• **Supplied records**:
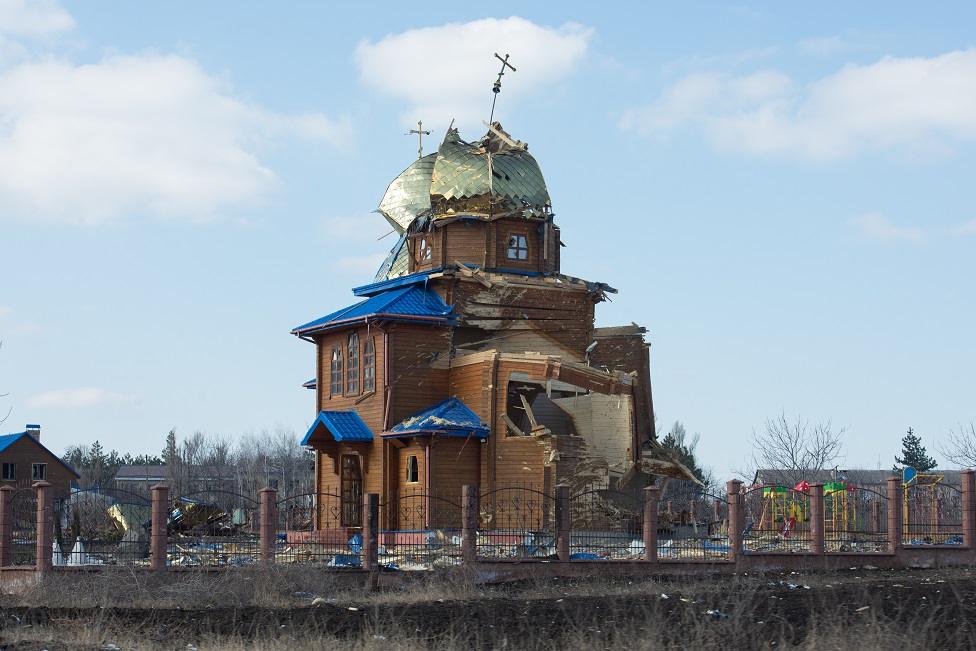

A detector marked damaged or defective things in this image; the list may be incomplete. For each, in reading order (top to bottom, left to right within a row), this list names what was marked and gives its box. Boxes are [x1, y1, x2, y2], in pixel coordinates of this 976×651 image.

torn metal roofing [428, 125, 548, 211]
torn metal roofing [378, 153, 434, 234]
torn metal roofing [292, 286, 456, 336]
broken roof panel [292, 286, 456, 336]
damaged church [294, 121, 692, 528]
torn metal roofing [302, 410, 374, 446]
broken roof panel [302, 410, 374, 446]
torn metal roofing [386, 394, 488, 440]
broken roof panel [386, 394, 488, 440]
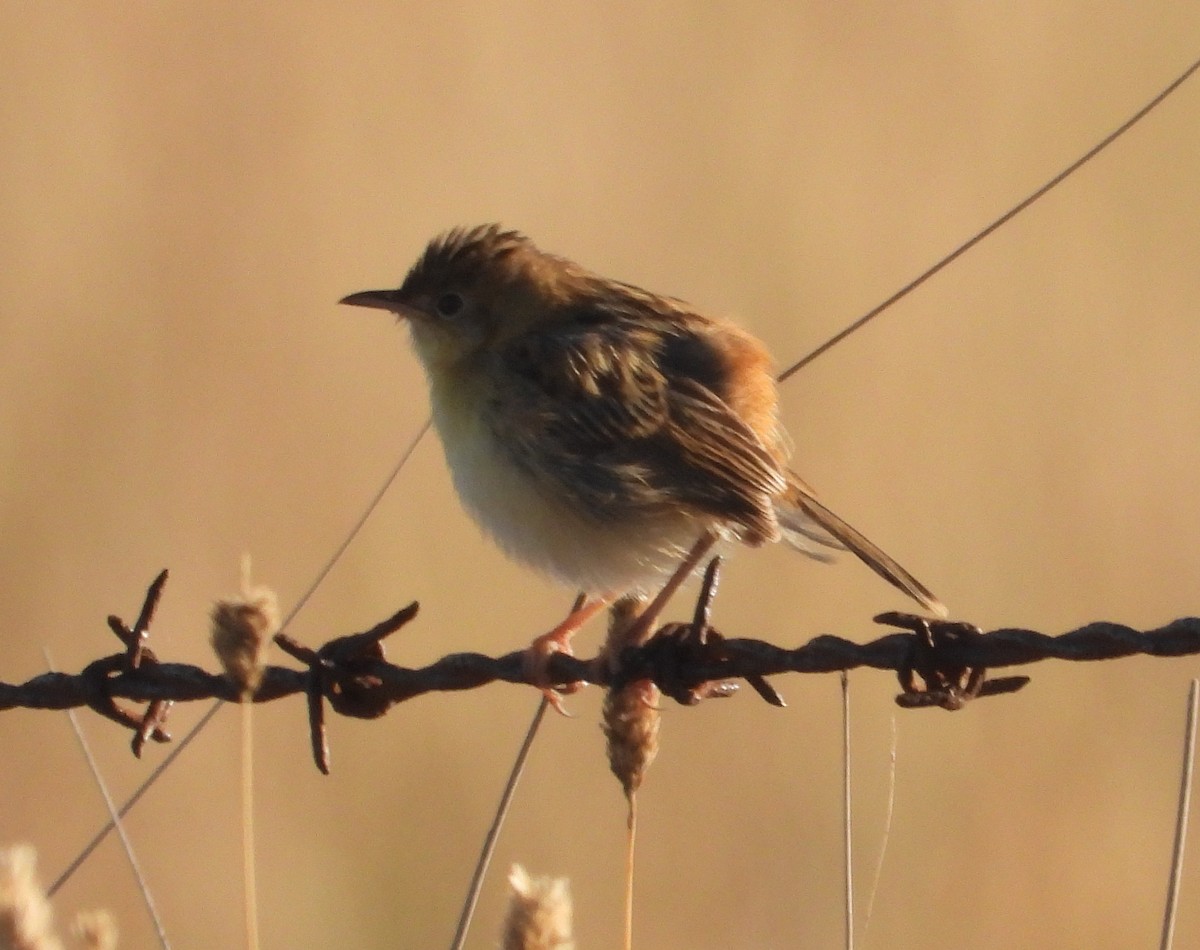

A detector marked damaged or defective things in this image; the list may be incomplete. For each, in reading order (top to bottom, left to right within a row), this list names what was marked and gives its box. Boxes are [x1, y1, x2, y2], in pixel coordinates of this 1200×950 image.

rusty barbed wire [2, 570, 1200, 772]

• **Task instructions**:
Look above for the line with "this 1200×950 image.", then copy it and each later line exactly, stopping at the last line of the records.

• **Finished task**:
A detector marked damaged or defective things in this image; the list may be incomplete. For each, in reading order (top to bottom, left to right within a row), this list names what was marked and gives its box. Boxes are [x1, y1, x2, y2], in pixel coordinates of this 1200×950 image.

rusty barbed wire [2, 570, 1200, 772]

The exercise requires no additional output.